As mentioned before, I originally wanted to analyze all of London’s data (if not all of UK), but I quickly realized I would have needed to parallelize a large part of the analysis code. I could achieve that for some part, but given that some functions were too complicated to dissect and rewrite, instead, I selected only the data falling into a radius of 4000 m from London’s centroid. For sf aficionados, this last geometrical task is a trivial one.

# Project to British National Grid (http://epsg.io/27700)
data <- data %>% st_transform(crs = 27700)
london_union <- london_union %>% st_transform(crs = 27700)

# Build a circle
center <- st_centroid(london_union)
max_radius <- 4000
london_circle <- st_buffer(center, max_radius)

# Filter data thanks to map
london_data <- data[london_circle,]

This is what we got. I know, I know, it’s a small sample!

# Original amount of data
nrow(data)
## [1] 1281716
# Filtered data
nrow(london_data)
## [1] 18069
# Draw the area
plot(london_union)
plot(london_circle, add = T, col = sf.colors(n = 1, alpha = 0.3))

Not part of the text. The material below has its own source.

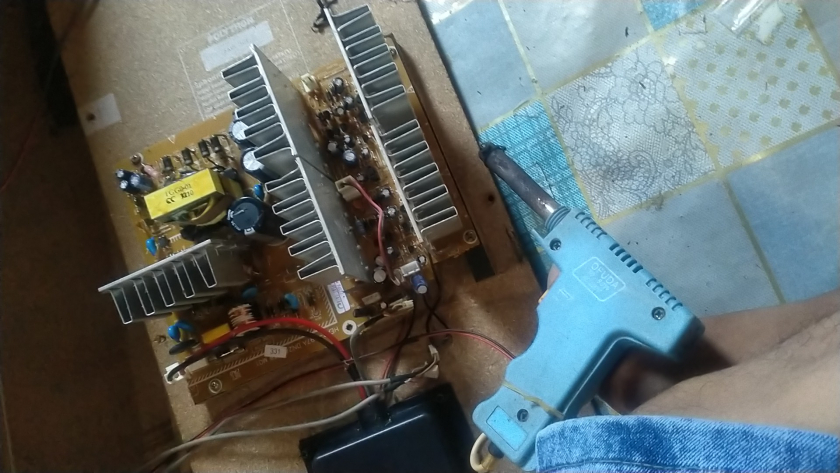 Servis elektronik/mounter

# Display the accidents as points
leaflet(st_transform(london_data, crs = 4326), width = '100%') %>% addProviderTiles('Stamen.Toner') %>% 
  addMarkers(clusterOptions = markerClusterOptions())

Spatial analysis

We’re now ready to inspect some spatial data. I will split the accidents in two categories. This distinction is highly arbitrary: in order to be able to use the final results (i.e. where should Sadiq Khan spend taxpayer’s money to increase security), more understanding of the (meta-)data is needed. But once again, even with a sub-optimal decision at this stage, the method stays valid.

I decided to split the data into Severe and Non-Severe accidents, the former involving more than one casualty, the latter strictly one. Then, to visualize and work on spatial densities, a special kind of object, point pattern dataset, coming from the spatstat package, will be used. The package is not (yet) able to deal with sf, so we’re going to hold our noses and go back for a moment to sp.

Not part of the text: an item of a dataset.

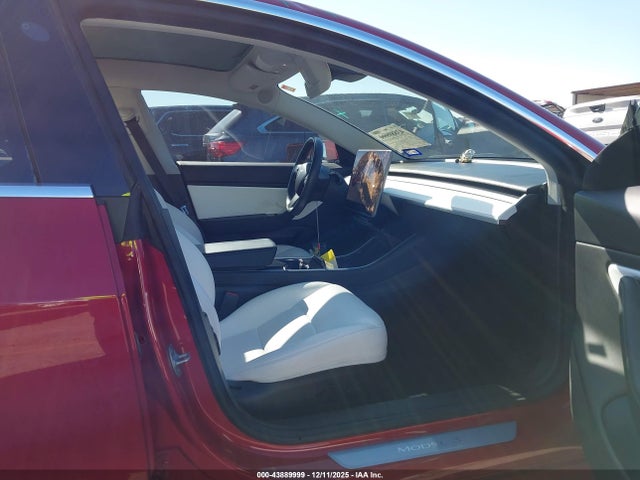 2018 TESLA MODEL 3 5YJ3E1EBXJF100771 Photo 4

# Create spatstat ppp object piece by piece
# Define window
london_owin <- sf::as_Spatial(london_circle) %>% polyCub::as.owin.SpatialPolygons()
# Extract accident coordinates
london_coords <- sf::st_coordinates(london_data)
# Build "marks" or features
london_marks <- as.factor(ifelse(london_data$Number_of_Casualties == 1, 'Non-Severe', 'Severe'))
# Define ppp
london_ppp <- spatstat::ppp(x = london_coords[, 1], y = london_coords[, 2],
                  window = london_owin,
                  marks = london_marks)

With such an object, we can use spatstat to quickly display useful information. We start by showing the fraction of Severe accidents over the total.

# Split the data according to the "marks"
london_splits <- split(london_ppp)
# Compute densities
accident_densities <- stats::density(london_splits)
# Display fractional density
frac_severe_accidents <- accident_densities[[2]]/(accident_densities[[1]] + accident_densities[[2]])
plot(frac_severe_accidents)

This plot is cool, but it just tells us that the Severe accidents are present in that area with a percentage that oscillates between approx. 13% and 19%. Are the highest concentrations meaningful? Are some areas actually more dangerous than others? Aren’t they simply the result of random fluctuations?

There is one way to find out. The technique I’m going to apply is called spatial segregation, in the context of point pattern analysis. I am going to display the density of accidents - split in two custom categories - thanks to kernel density. A smooth curve will be fitted on the data: highest values will correspond to the location of points, and these values will diminish as the distance from the point increases. However, a crucial parameter must first be determined: the bandwidth. Choose it too small, and the density will be at the maximum exactly where the points are, and zero elsewhere; choose it too large and the density will appear as a blob without any features.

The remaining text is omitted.